How do you know when your local administration has gone too far?
10 years ago last July marked 10 years since I had first seen Chicago. I came here for a 2-day event with only 1 goal in mind, to see the band LYCIA. I fell in love with Chicago, her people and all of her beauty. It was so clean, and families were rollerblading in the streets downtown and bicyclists were everywhere. I knew that scorching hot Sunday, Chicago was going to be my home. It took 3 years to make the move, but it wasn't going to be something I was going to do overnight. It would take some planning and seed planting.
So as of 98’ I was here. And the environmentally local government pleased me even more.
Well Mayor Daley has been getting lots of negative press over the last couple of years due to some rather "shady" choices of his administration. That press has snowballed massively as of late. And who in the long haul has paid that price? The commuter.
Think about it. The CTA our wonderful public transit system rates have hiked. Tolls have doubled, and the Chicago Police spend countless man hours driving the opposite way up one way streets running every license plate to find out who has the dreaded 3 outstanding tickets resulting in the cursed “boot”. Lately though, it has gone from ridiculous to simply ludicrous. The city has hired uniformed city "officials" to run plates in our cities parking garages, and the parking lots of the Midway and O'Hare airports.
So, scofflaws they may be, yes I agree. However, I think our tax dollars should go towards the manpower to make this city safer. As a bicycle enthusiast myself, I cheered when Chicago passed a law making it a movable violation to talk on your handheld cell phone while driving. It makes perfect sense considering how many times I've been hit and knocked off my bike by someone on his or her cell phone when they should be paying attention. That law passed this past summer hasn't stopped many. I still see car after car being driven by someone who is talking on their phone when they should be more attentive to what they are doing.
But I highly question the most recent executive decision made by the powers that be. The police are now ticketing bike riders who run red lights or stops signs, those who ride the wrong way down a one-way street and those who are not basically adhering to the laws of the everyday car driver; Including being on your bike on a city sidewalk. Okay, some standards are in place for a reason, and as much as I think a good many drivers are more dangerous to innocent citizens, I think the muscle of the boys in blue are being pumped a little too hard.

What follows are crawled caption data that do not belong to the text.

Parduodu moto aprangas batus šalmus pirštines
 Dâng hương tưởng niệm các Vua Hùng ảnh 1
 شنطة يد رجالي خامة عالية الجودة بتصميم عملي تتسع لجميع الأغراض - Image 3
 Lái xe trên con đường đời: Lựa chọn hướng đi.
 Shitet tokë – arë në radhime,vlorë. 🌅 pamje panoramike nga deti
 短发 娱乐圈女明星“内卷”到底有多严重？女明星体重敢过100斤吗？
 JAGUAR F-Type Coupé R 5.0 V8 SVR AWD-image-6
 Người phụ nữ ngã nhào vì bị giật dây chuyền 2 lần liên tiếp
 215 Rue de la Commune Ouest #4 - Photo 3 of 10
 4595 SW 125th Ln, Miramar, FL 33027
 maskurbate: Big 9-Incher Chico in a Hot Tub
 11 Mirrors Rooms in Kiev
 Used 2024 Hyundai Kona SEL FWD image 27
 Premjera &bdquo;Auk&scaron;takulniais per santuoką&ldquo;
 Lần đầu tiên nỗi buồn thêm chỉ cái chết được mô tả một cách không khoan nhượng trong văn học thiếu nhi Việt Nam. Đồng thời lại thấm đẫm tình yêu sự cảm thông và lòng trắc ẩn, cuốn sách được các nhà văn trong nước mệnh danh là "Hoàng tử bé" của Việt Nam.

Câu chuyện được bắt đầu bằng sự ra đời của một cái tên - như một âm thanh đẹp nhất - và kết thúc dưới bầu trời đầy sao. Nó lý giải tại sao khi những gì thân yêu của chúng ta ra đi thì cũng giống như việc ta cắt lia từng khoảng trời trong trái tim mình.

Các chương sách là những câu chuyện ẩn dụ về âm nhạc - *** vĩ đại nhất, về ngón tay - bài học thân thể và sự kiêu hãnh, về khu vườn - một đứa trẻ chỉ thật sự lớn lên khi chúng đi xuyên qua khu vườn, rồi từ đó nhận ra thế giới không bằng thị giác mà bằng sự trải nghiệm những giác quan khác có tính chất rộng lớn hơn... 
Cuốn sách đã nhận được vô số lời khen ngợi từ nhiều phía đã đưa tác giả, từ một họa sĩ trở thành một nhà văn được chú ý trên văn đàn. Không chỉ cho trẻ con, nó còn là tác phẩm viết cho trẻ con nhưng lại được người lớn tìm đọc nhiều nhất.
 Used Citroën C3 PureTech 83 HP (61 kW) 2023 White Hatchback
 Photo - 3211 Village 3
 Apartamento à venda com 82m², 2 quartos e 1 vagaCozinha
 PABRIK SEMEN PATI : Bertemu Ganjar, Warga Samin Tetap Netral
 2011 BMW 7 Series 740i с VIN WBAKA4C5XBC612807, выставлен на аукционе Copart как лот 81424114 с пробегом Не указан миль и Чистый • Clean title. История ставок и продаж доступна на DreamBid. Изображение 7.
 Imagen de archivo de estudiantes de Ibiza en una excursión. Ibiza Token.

For example, two weeks ago on a Thursday evening I was biking around Lincoln Park and doing some shopping. I crossed the street and was taking my bike up on to the corner and coming off the seat. From out of nowhere a bike cop comes up to me and asks what I'm doing. I tell him I'm going into a particular store to buy a shirt. He warned me that if I had not been off my bike when I took it to the sidewalk I would get a ticket. I told him I am very aware. I mean really, I'm a self admitted news junkie, I know every new rate hike and moronic law passed by this city by now. So believing he was satisfied I walked my bike to where I parked it and he actually followed me into the store to see if I was really buying the shirt I had mentioned. GIVE ME A BREAK, BIKE NAZI!
Oh, it gets worse from here, yes it does. The weekend of the Air and Water Show I was biking through the park on one of it's many bike paths and traffic was bumper to bumper. It was evening and everyone wanted out of the city. You can bet these people will never lower themselves to take public transportation. There are cops everywhere trying to direct traffic to insure an even flow out of the park and out of the city. I'm trying my best to get downtown when I suddenly hear commuters yelling at somebody calling him a fucking asshole. The next thing I know a guy driving a BMW crosses through traffic going the opposite way and he's coming at me on the bike path while talking on his cell phone. He blasts his horn and I'm off into the grass yelling at him, "What's wrong with you asshole?" WHERE WAS HIS TICKET???? This was not only against the law but extremely dangerous as far as I am concerned. I wanted so badly to throw something at his car. ANYTHING. But then I would have been the one being arrested while he got away.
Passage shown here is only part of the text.